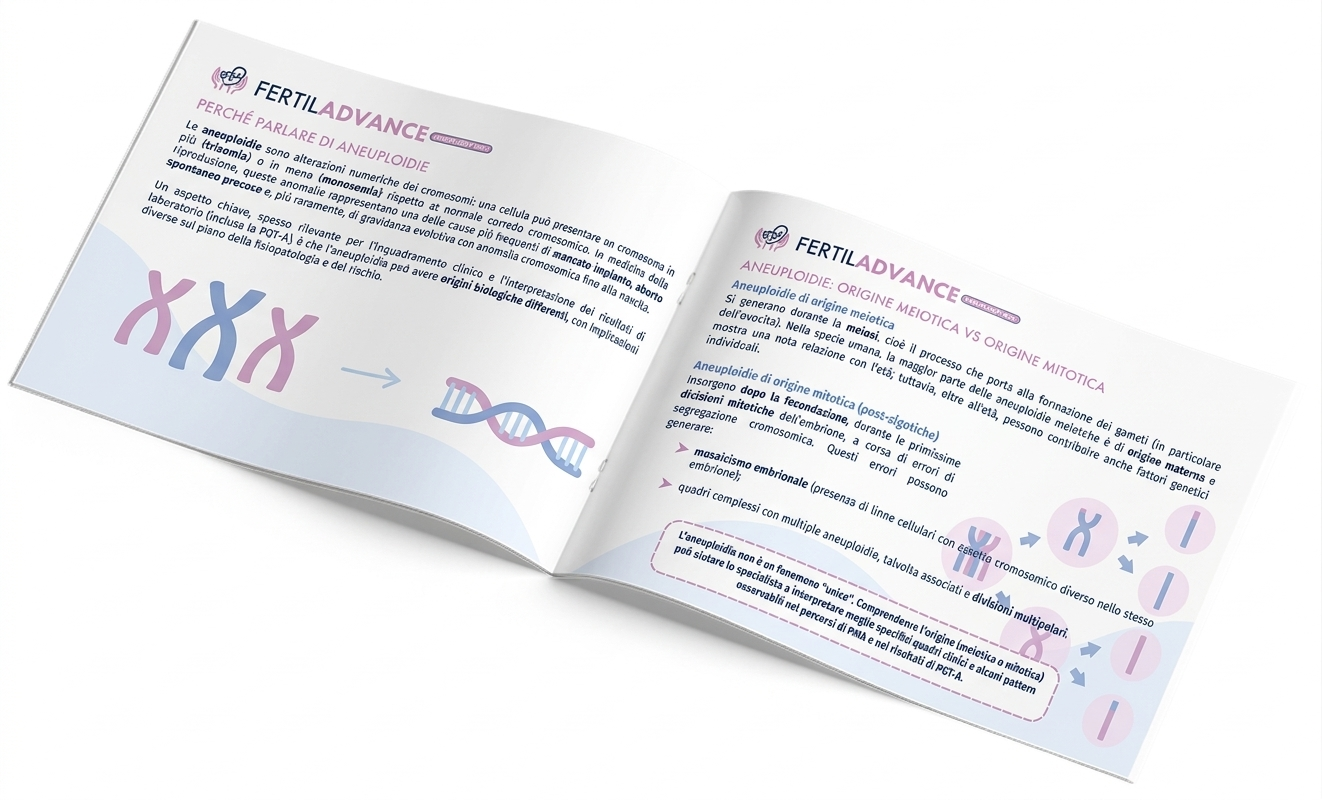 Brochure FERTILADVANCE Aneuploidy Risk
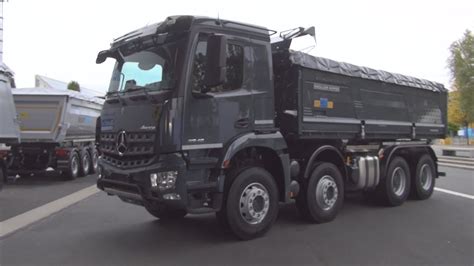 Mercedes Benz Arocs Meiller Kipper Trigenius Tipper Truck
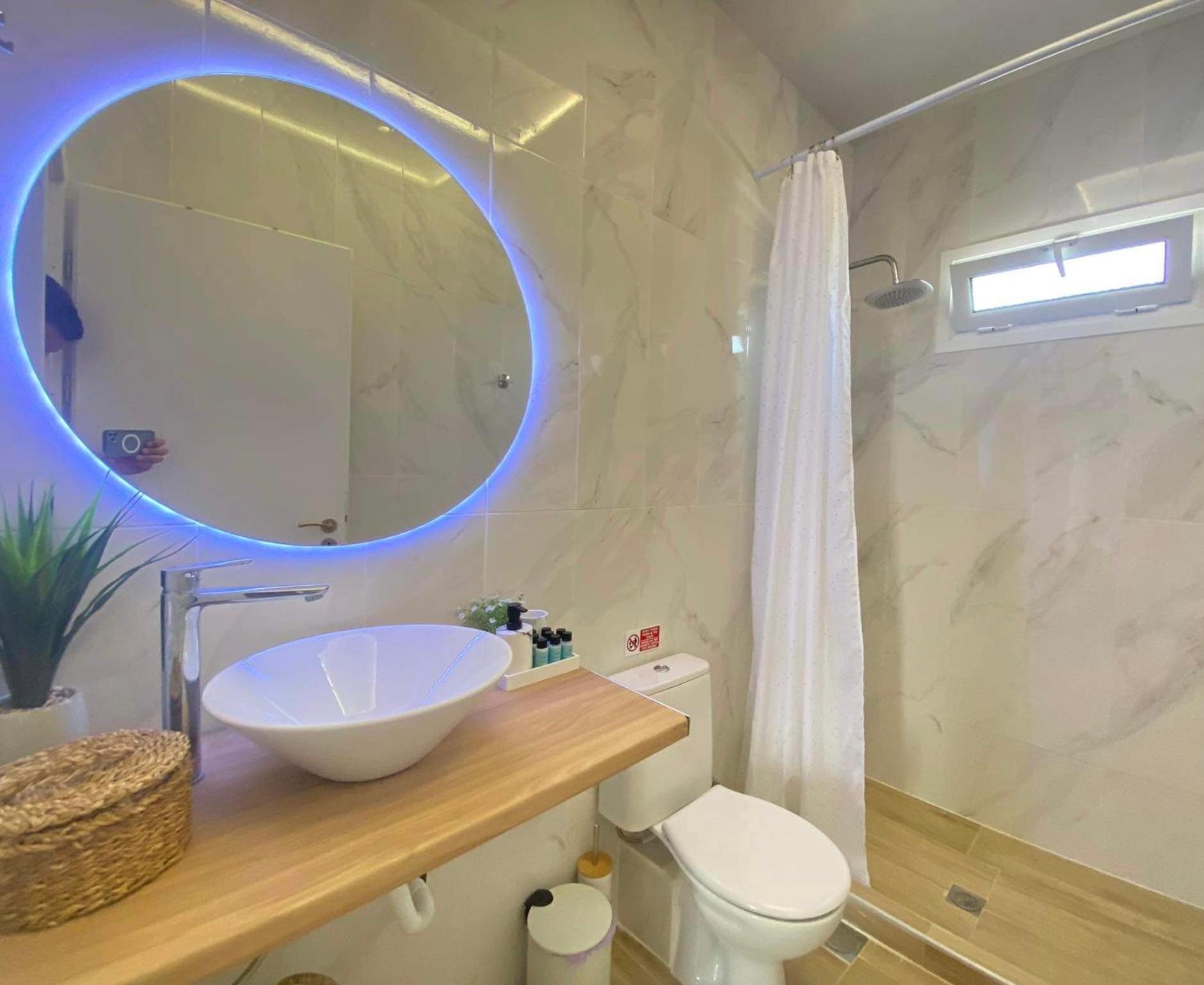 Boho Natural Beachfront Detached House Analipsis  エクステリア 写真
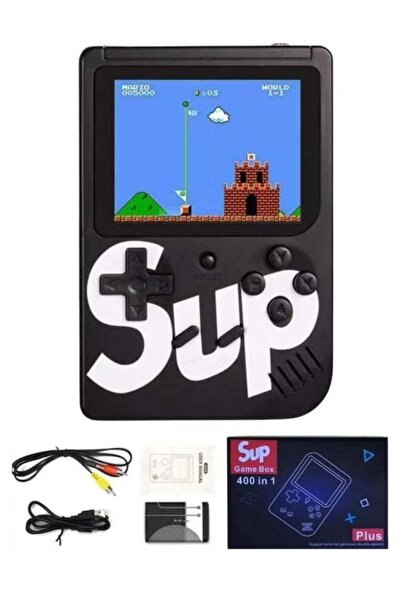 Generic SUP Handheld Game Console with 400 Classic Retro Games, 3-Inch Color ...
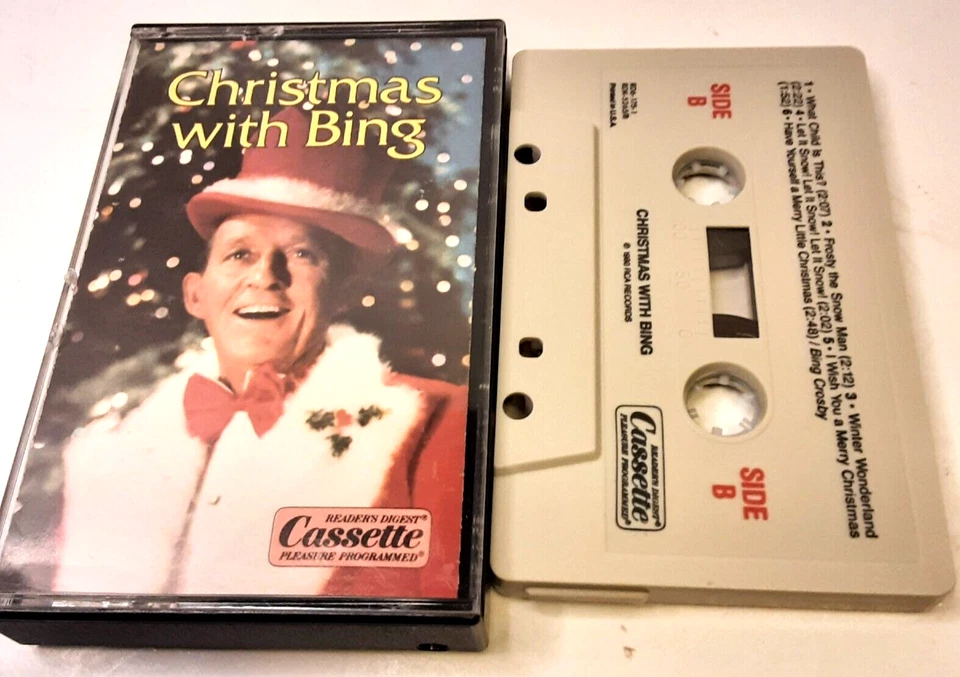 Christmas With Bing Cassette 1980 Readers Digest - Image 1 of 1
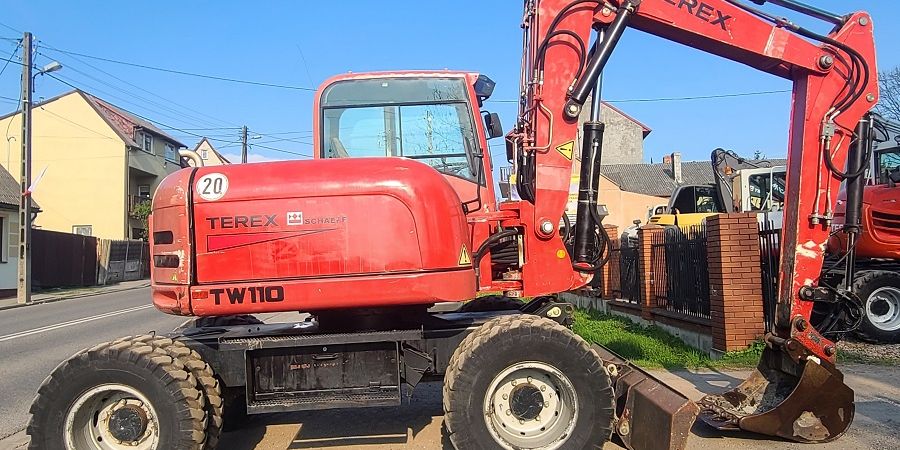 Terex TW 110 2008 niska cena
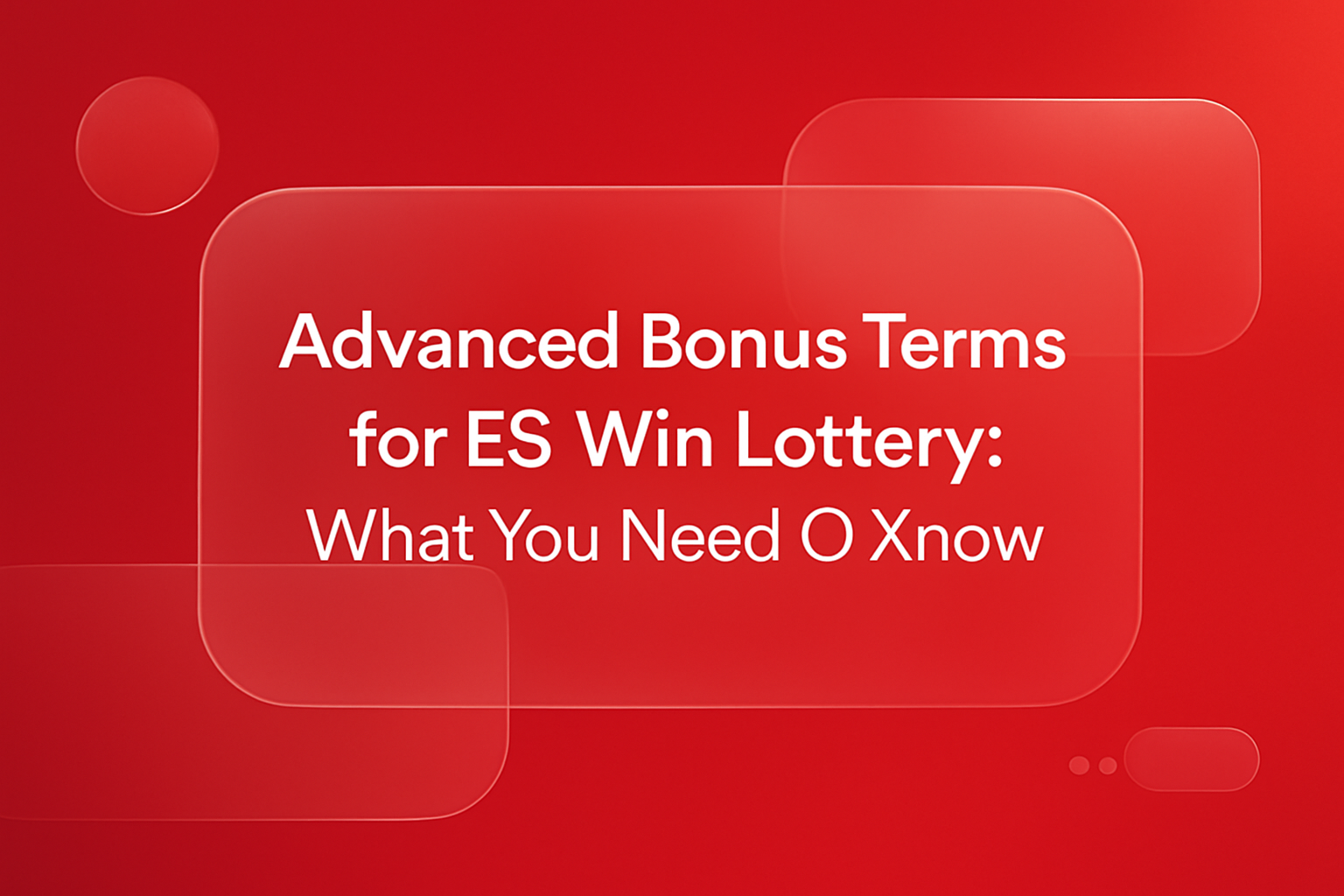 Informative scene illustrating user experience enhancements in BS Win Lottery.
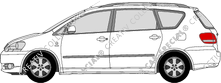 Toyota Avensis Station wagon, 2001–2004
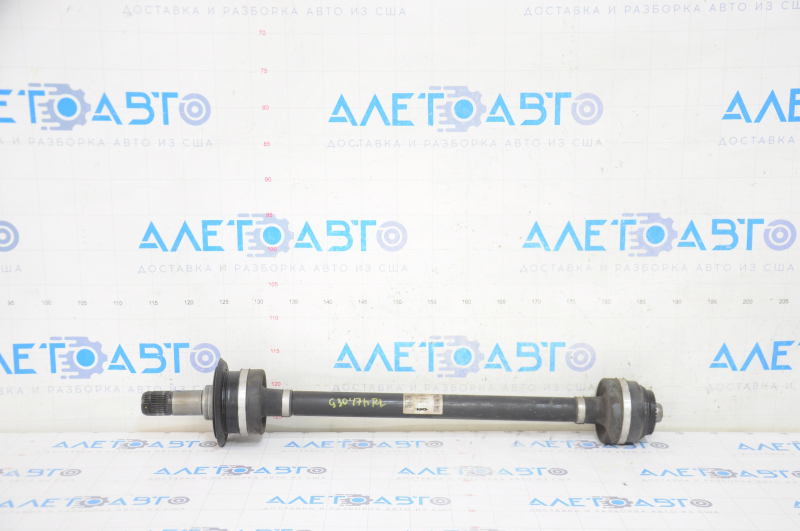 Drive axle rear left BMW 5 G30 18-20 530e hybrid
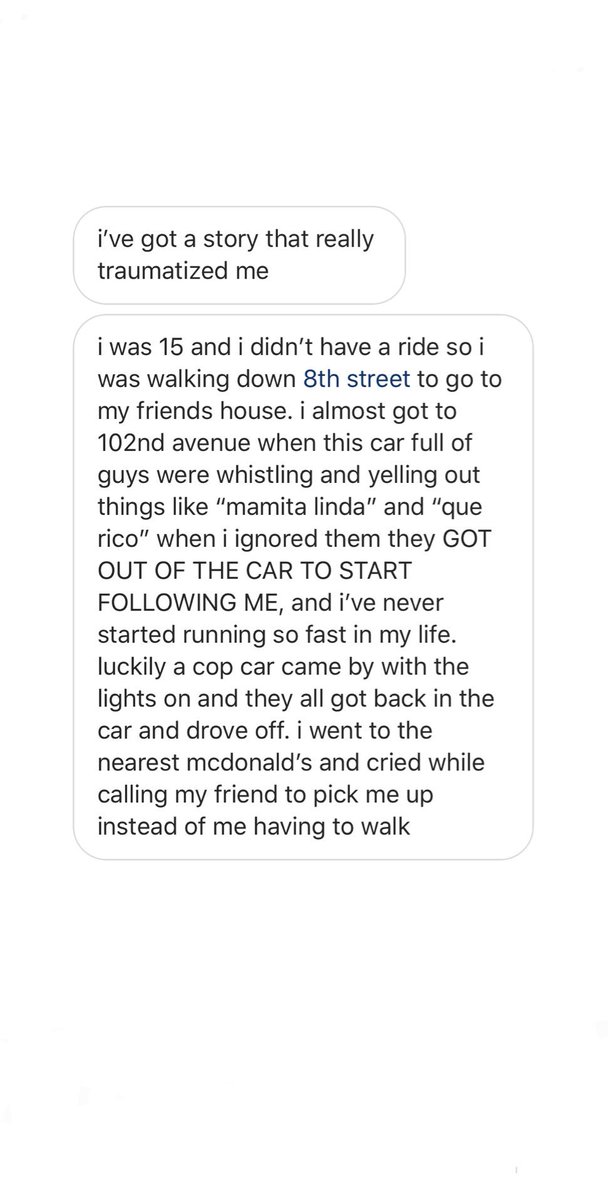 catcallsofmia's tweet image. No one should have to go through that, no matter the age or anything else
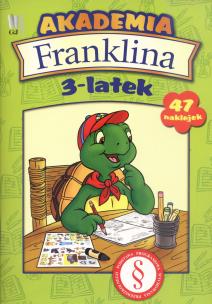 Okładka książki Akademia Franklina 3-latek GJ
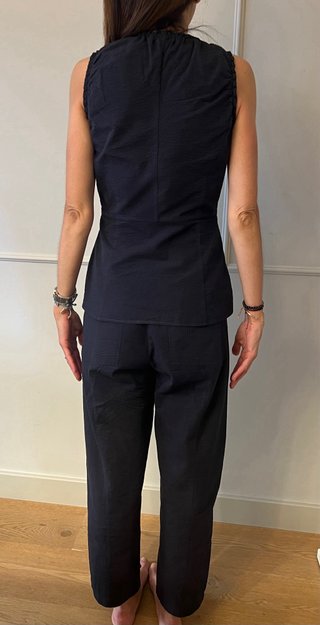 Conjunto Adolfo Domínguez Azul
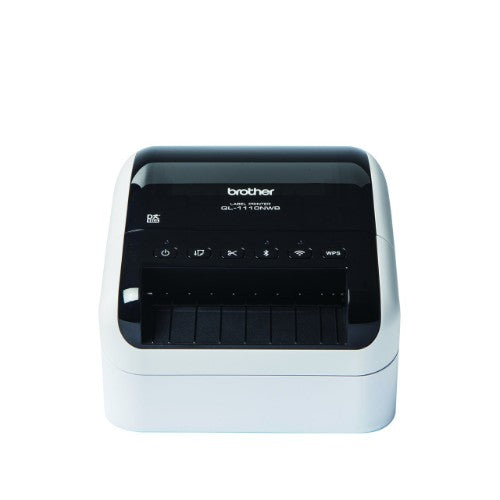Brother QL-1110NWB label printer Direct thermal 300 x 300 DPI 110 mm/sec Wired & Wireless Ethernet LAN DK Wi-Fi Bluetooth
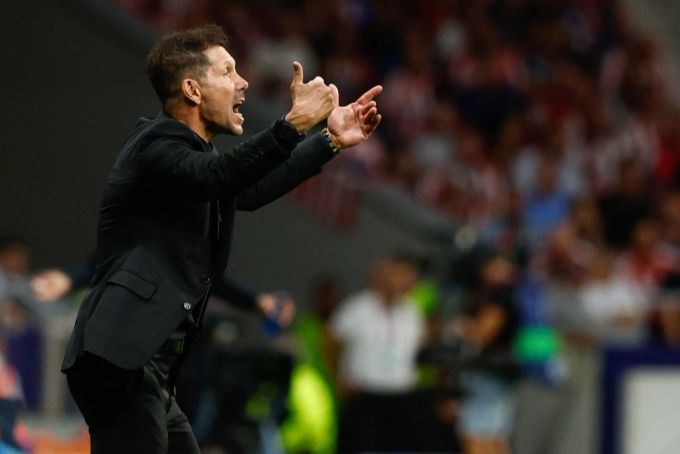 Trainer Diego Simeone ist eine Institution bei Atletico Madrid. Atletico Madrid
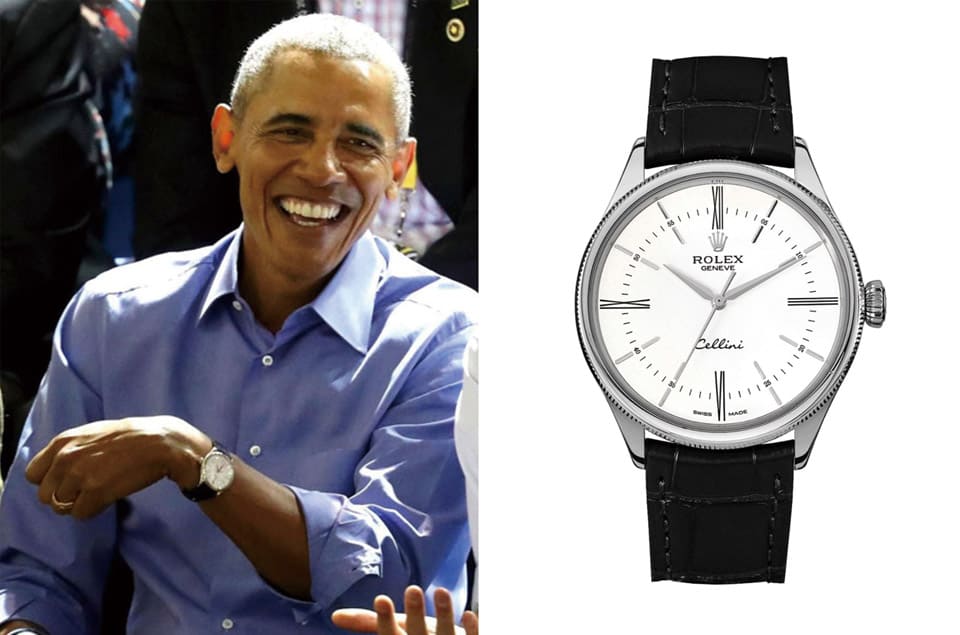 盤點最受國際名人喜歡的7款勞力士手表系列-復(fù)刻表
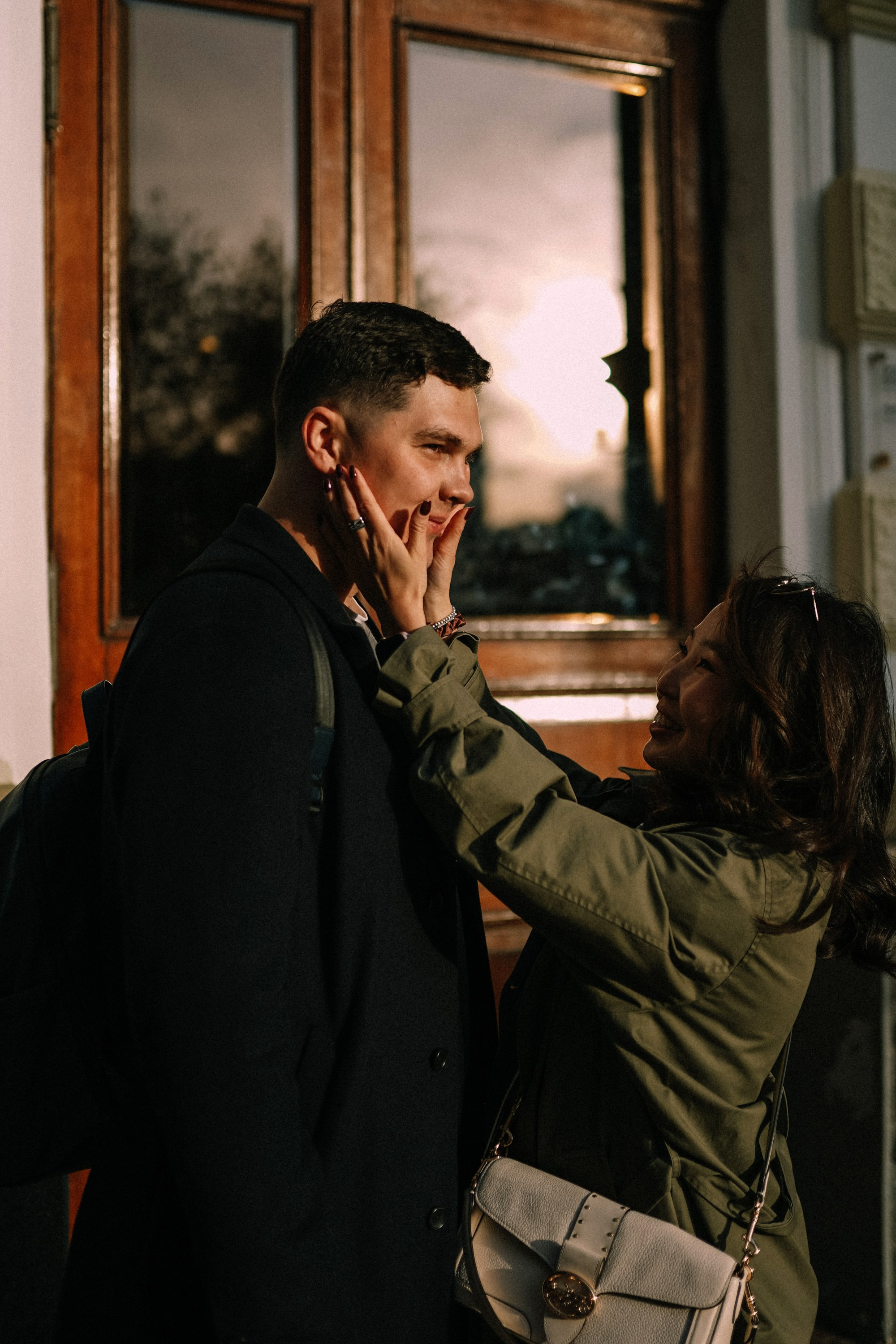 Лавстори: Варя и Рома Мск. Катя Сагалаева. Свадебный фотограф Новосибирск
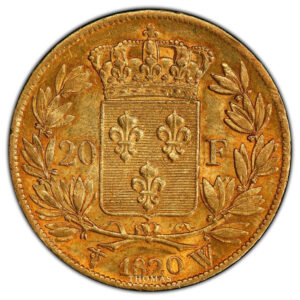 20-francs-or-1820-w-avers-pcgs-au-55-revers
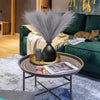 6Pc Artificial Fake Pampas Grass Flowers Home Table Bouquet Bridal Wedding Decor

════════════════════

*ABOUT THIS EXERCISE:*
The response must repeat all the lines above exactly and include no pictures.

*REPLY:*
 Brochure FERTILADVANCE Aneuploidy Risk
 Mercedes Benz Arocs Meiller Kipper Trigenius Tipper Truck
 Boho Natural Beachfront Detached House Analipsis  エクステリア 写真
 Generic SUP Handheld Game Console with 400 Classic Retro Games, 3-Inch Color ...
 Christmas With Bing Cassette 1980 Readers Digest - Image 1 of 1
 Terex TW 110 2008 niska cena
 Informative scene illustrating user experience enhancements in BS Win Lottery.
 Toyota Avensis Station wagon, 2001–2004
 Drive axle rear left BMW 5 G30 18-20 530e hybrid
 catcallsofmia's tweet image. No one should have to go through that, no matter the age or anything else
 Okładka książki Akademia Franklina 3-latek GJ
 Conjunto Adolfo Domínguez Azul
Brother QL-1110NWB label printer Direct thermal 300 x 300 DPI 110 mm/sec Wired & Wireless Ethernet LAN DK Wi-Fi Bluetooth
 Trainer Diego Simeone ist eine Institution bei Atletico Madrid. Atletico Madrid
 盤點最受國際名人喜歡的7款勞力士手表系列-復(fù)刻表
 Лавстори: Варя и Рома Мск. Катя Сагалаева. Свадебный фотограф Новосибирск
 20-francs-or-1820-w-avers-pcgs-au-55-revers
 6Pc Artificial Fake Pampas Grass Flowers Home Table Bouquet Bridal Wedding Decor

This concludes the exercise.